Colocou a água para ferver, e, enquanto isso, foi buscar o pacote de chá. O ajudava a pegar no sono mais facilmente e evitava que ele ficasse sofrendo de dor por muito tempo em cima da cama. Sempre que estava ativo, de pé ou fazendo alguma atividade, parecia que a doença desaparecia, não sentia praticamente nada e conseguia realizar tudo perfeitamente. Mas, sempre que deitava para descansar, parecia que o peso dos anos que viveu o sufocava instantaneamente, uma pressão que esmagava todo seu corpo contra o colchão, que mais parecia um piso de concreto.

Após tomar o chá, foi se dirigindo para o quarto, e sua casa já não parecia a mesma naquela ocasião. As paredes estavam mais escuras, mais sombrias que o normal. Ele via vultos passando pelas paredes e ouvia passos seguindo ele. Apesar disso, não sentia medo, pois ele sabia o que aquilo significava.

Chegou em seu quarto e sua cama parecia mais maravilhosa do que jamais fora em toda sua vida, alguém havia arrumado ela para ele, mas ele não lembrava de ter recebido visita de ninguém naquele dia. Porém, estava extremamente cansado e não ficou muito tempo divagando sobre isso, tirou seu chinelo, vestiu seu pijama e se deitou. Por incrível que pareça, ele não estava sentindo dor alguma, a cama estava extremamente macia e confortável, porém todo o cansaço desapareceu.

Mesmo com as luzes apagadas, havia uma fresta da janela aberta que iluminava seu quarto. Começaram a se formar sombras na parede, que dançavam como espectros de memórias antigas de sua vida.
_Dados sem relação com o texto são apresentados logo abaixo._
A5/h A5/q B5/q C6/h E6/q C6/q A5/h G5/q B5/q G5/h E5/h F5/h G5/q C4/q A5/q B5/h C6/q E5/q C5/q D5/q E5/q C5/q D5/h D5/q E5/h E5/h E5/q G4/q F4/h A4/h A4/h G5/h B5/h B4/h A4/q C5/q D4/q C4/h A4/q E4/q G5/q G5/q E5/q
Ele conseguia ouvir diversas músicas tocando ao mesmo tempo, relembrando memórias da infância e da juventude. Conforme as músicas iam se alterando, as sombras iam acompanhando, passando as diversas fases de sua vida.
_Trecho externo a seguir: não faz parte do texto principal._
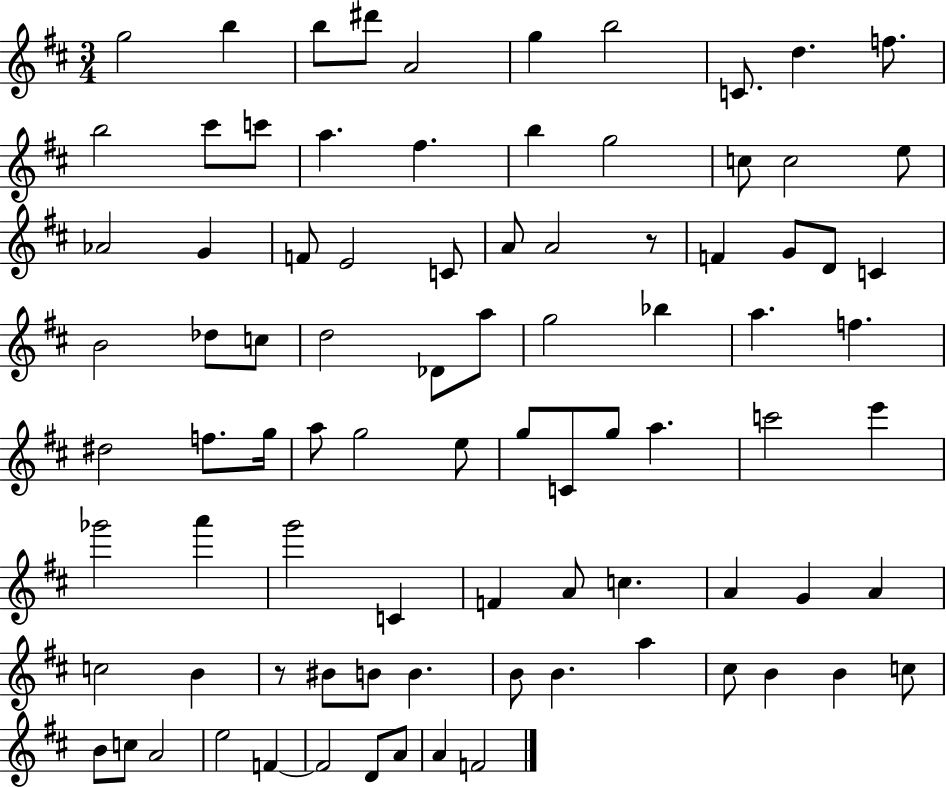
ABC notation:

X:1
T:Untitled
M:3/4
L:1/4
K:D
g2 b b/2 ^d'/2 A2 g b2 C/2 d f/2 b2 ^c'/2 c'/2 a ^f b g2 c/2 c2 e/2 _A2 G F/2 E2 C/2 A/2 A2 z/2 F G/2 D/2 C B2 _d/2 c/2 d2 _D/2 a/2 g2 _b a f ^d2 f/2 g/4 a/2 g2 e/2 g/2 C/2 g/2 a c'2 e' _g'2 a' g'2 C F A/2 c A G A c2 B z/2 ^B/2 B/2 B B/2 B a ^c/2 B B c/2 B/2 c/2 A2 e2 F F2 D/2 A/2 A F2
Chegando na fase adulta, começaram a se materializar em sua frente seus demônios internos, aqueles que ele alimentara ao longo dos anos com suas inquietações, tomando forma nas sombras, adquirindo realmente vida própria, enquanto a sua vida se extinguia. Fantasmas de perguntas sem resposta, dúvidas que corroeram sua alma, emergiam do abismo interior. Os pecados da juventude e as falhas da maturidade se materializavam diante dele. Cada palavra não dita, cada oportunidade perdida, transformava-se em uma criatura sombria que sussurrava inquietudes.

Sua mente começou a mergulhar em um ambiente metafísico. O tempo, que uma vez foi seu aliado em busca do conhecimento, agora parecia um carrasco impiedoso, que segurando sua mão, ia guiando-o para o abismo da eternidade.

Ele se viu em um corredor escuro caminhando, e ouvindo uma voz conversando com ele. Ou eram seus próprios pensamentos? Ele não conseguia mais distinguir.

"Tudo aquilo que possui uma forma física, um dia irá se desfazer. Esse é o ciclo da vida, esse é o ciclo de toda a criação. Nós recusamos essa existência a vida inteira, projetando todos os nossos medos na morte."

Sentindo a pressão de seu corpo cada vez mais baixa, ele conseguia sentir cada parte de seu corpo, cada músculo se contraindo. Conseguia sentir seu corpo inteiro se fragmentando em diversos pedaços. Seus olhos já não enxergavam nada físico. Ele sabia que continuava caminhando, porém já não sabia mais em que seus pés estavam se apoiando.

"Você está deixando seu mundo, todas as luzes estão se apagando agora. Não tenha medo, não haveria nenhuma maneira de você poder ficar aqui. Deixe para trás suas memórias e tudo aquilo que você conhece, não tenha medo e deixe-se ir embora."

Em seu último suspiro a escuridão o envolvia, mas não era a escuridão do desconhecido; era a escuridão íntima de sua própria alma. A dualidade entre a luz e a sombra, entre os demônios e as memórias, convergiam para um ponto além da compreensão humana.

Em seu último lampejo de visão ele presenciou o fim.